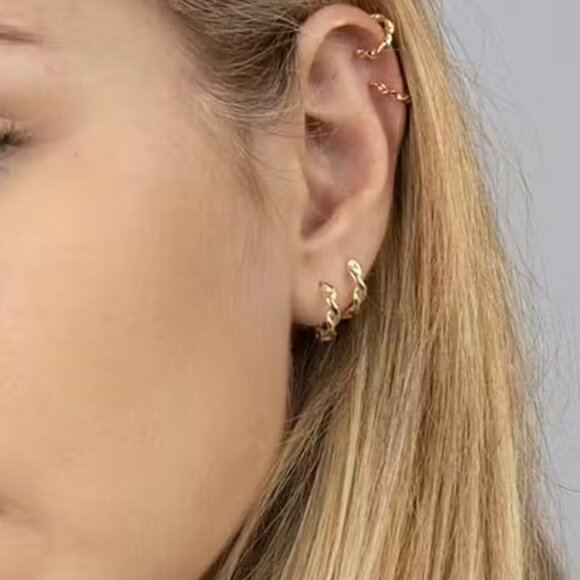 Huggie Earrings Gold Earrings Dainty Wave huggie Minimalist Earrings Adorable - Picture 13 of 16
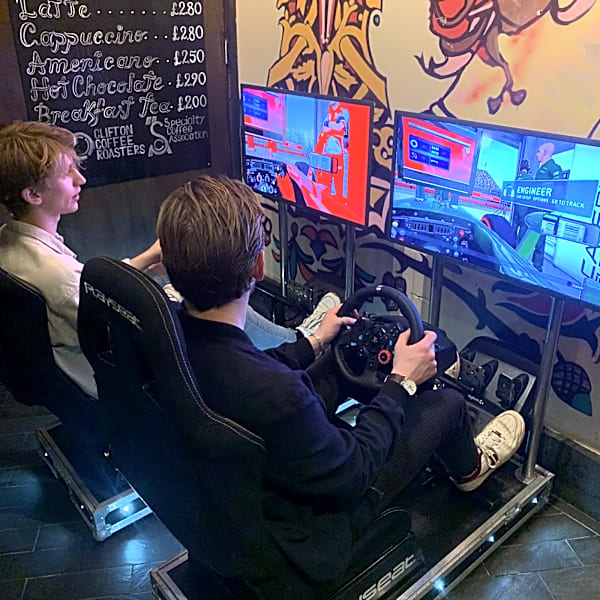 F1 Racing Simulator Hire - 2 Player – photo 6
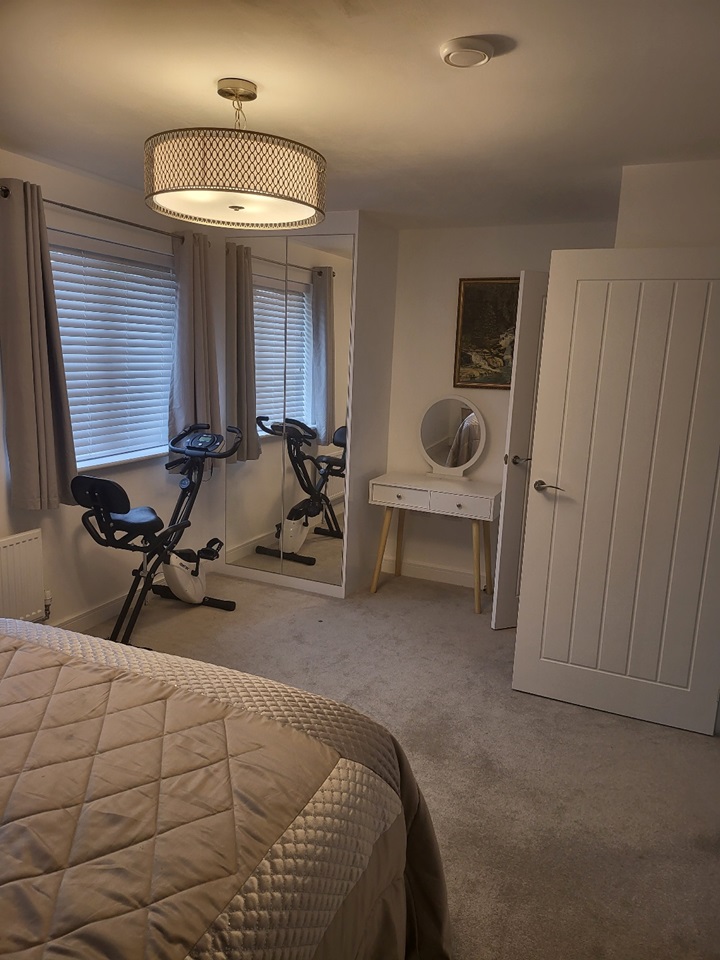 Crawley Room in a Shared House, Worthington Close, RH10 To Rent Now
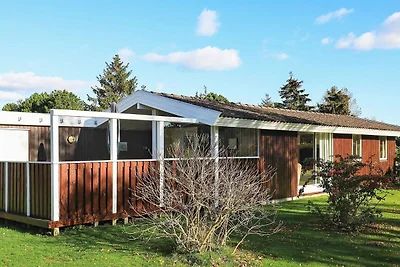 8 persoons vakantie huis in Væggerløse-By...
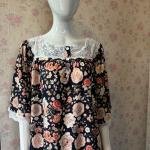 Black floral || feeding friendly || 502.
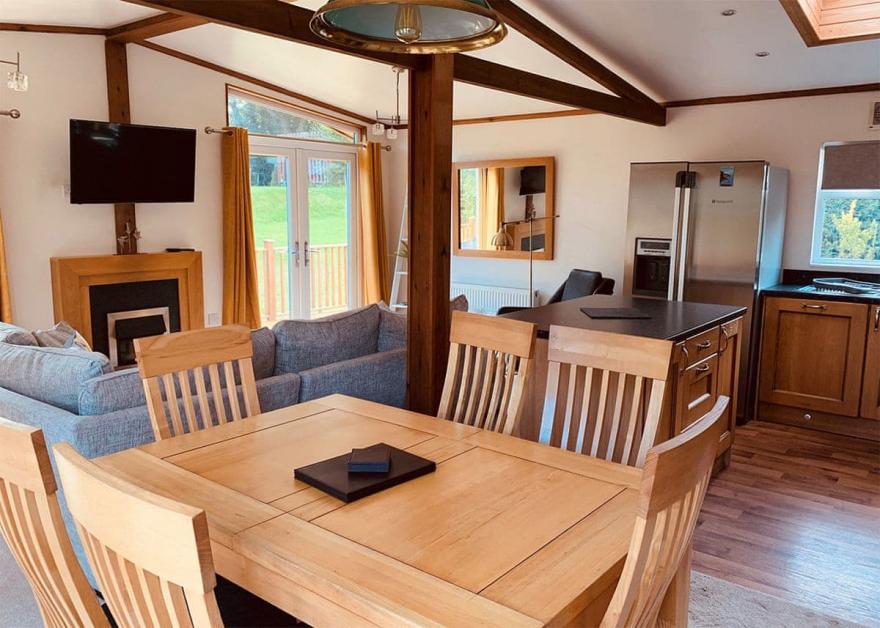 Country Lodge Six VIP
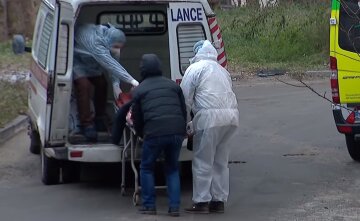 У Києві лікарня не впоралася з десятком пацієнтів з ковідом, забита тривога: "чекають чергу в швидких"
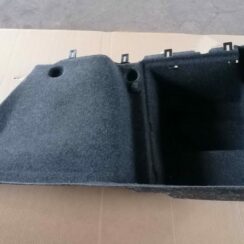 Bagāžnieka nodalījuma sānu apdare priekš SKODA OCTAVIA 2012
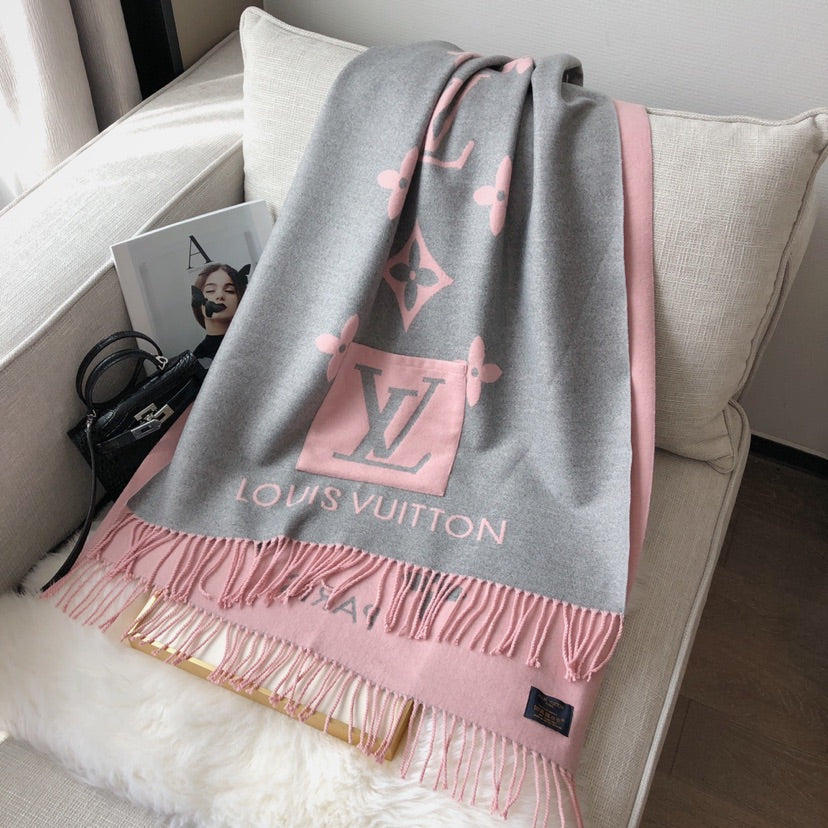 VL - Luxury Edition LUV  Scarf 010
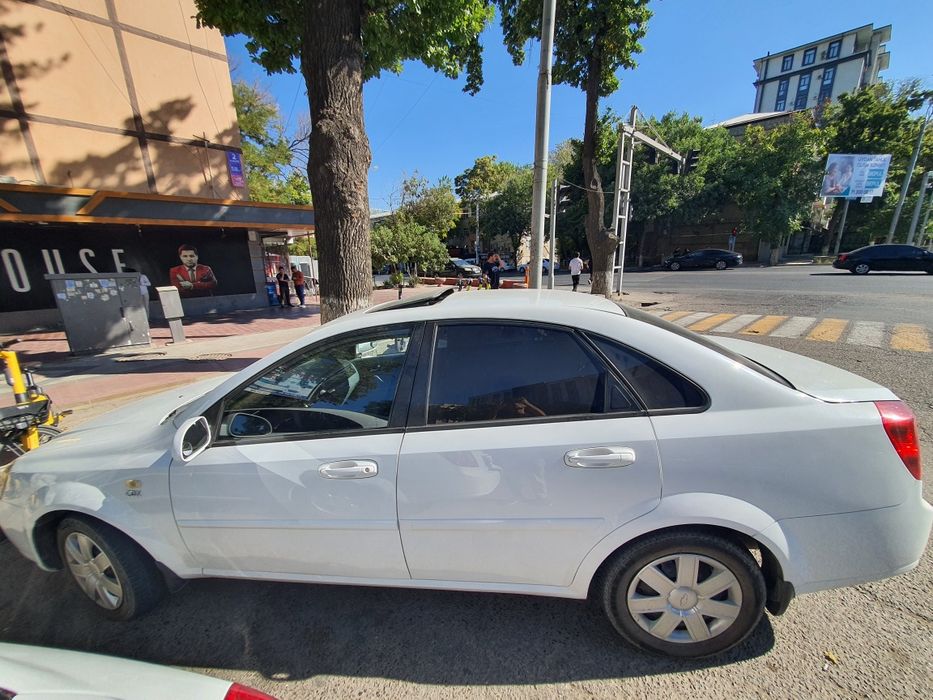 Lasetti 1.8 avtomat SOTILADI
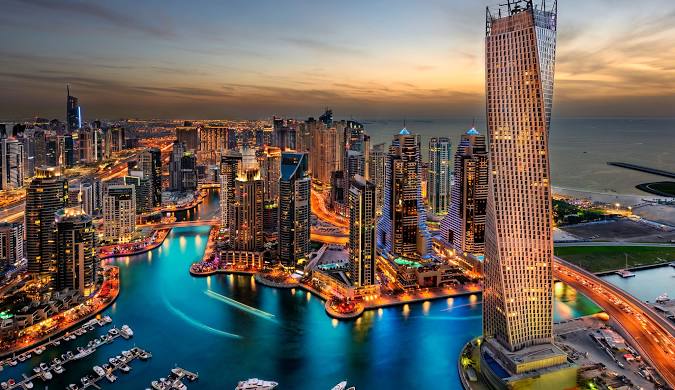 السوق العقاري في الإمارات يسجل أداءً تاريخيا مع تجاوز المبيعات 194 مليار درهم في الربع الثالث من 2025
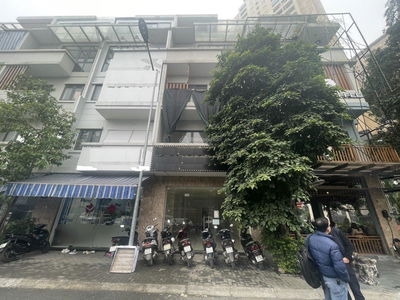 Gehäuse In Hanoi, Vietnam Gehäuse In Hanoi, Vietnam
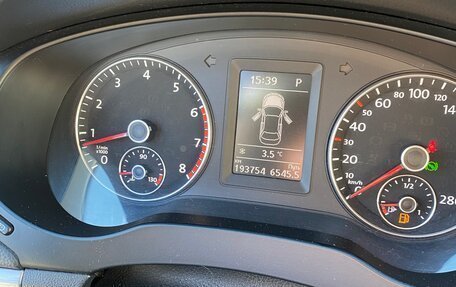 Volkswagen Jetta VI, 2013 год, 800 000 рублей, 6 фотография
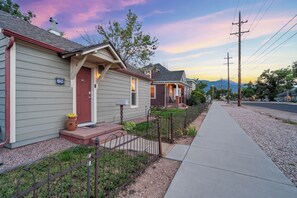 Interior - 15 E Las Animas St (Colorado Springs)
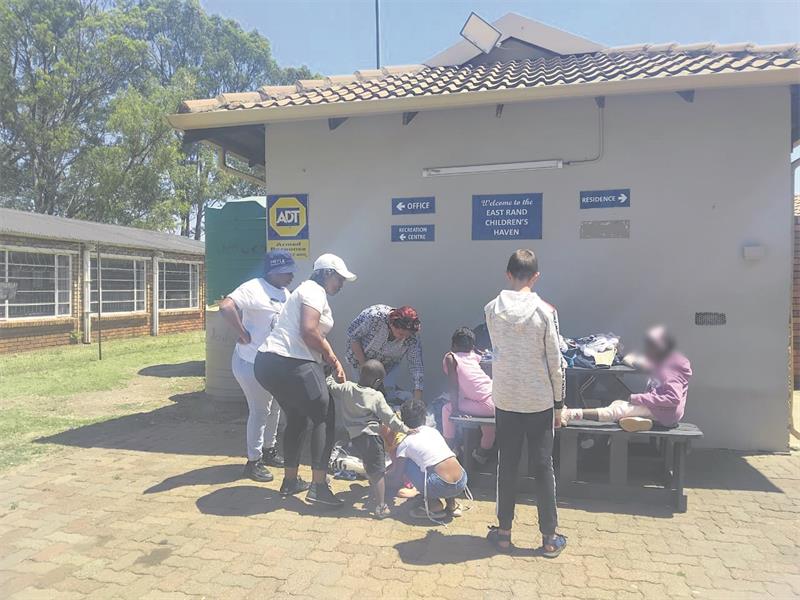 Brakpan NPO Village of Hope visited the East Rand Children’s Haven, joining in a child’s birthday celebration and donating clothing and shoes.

-=-=-=-=-

== WHAT IS REQUIRED ==
Omit the pictures. Write out exactly the lines from the one containing "السوق العقاري في" through the last line of the entries, both of them included.

== ANSWER FOR THIS EXERCISE ==
 السوق العقاري في الإمارات يسجل أداءً تاريخيا مع تجاوز المبيعات 194 مليار درهم في الربع الثالث من 2025
 Gehäuse In Hanoi, Vietnam Gehäuse In Hanoi, Vietnam
 Volkswagen Jetta VI, 2013 год, 800 000 рублей, 6 фотография
 Interior - 15 E Las Animas St (Colorado Springs)
 Brakpan NPO Village of Hope visited the East Rand Children’s Haven, joining in a child’s birthday celebration and donating clothing and shoes.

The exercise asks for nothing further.